BEGIN DATA BLOCK
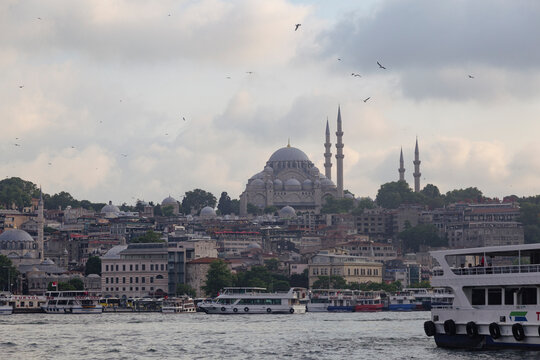 Istanbul / Turkey - 12 June 2022: Eminonu port with the Hagia Sophia museum in the background, Istanbul, Turkey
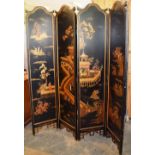 An Oriental style black and gold lacquer four fold screen, decorated figures in a summer palace, the
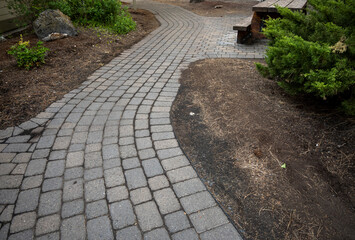 Cobbled foot path with picnic table, a relaxing environment, a state of leisure_06262021_2791.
END DATA BLOCK
WHAT IS EXPECTED: Begin at the line that contains "An Oriental style" and transcribe every line through the end of the listing, exactly as written. Omit the pictures.

FINAL ANSWER:
 An Oriental style black and gold lacquer four fold screen, decorated figures in a summer palace, the
 Cobbled foot path with picnic table, a relaxing environment, a state of leisure_06262021_2791.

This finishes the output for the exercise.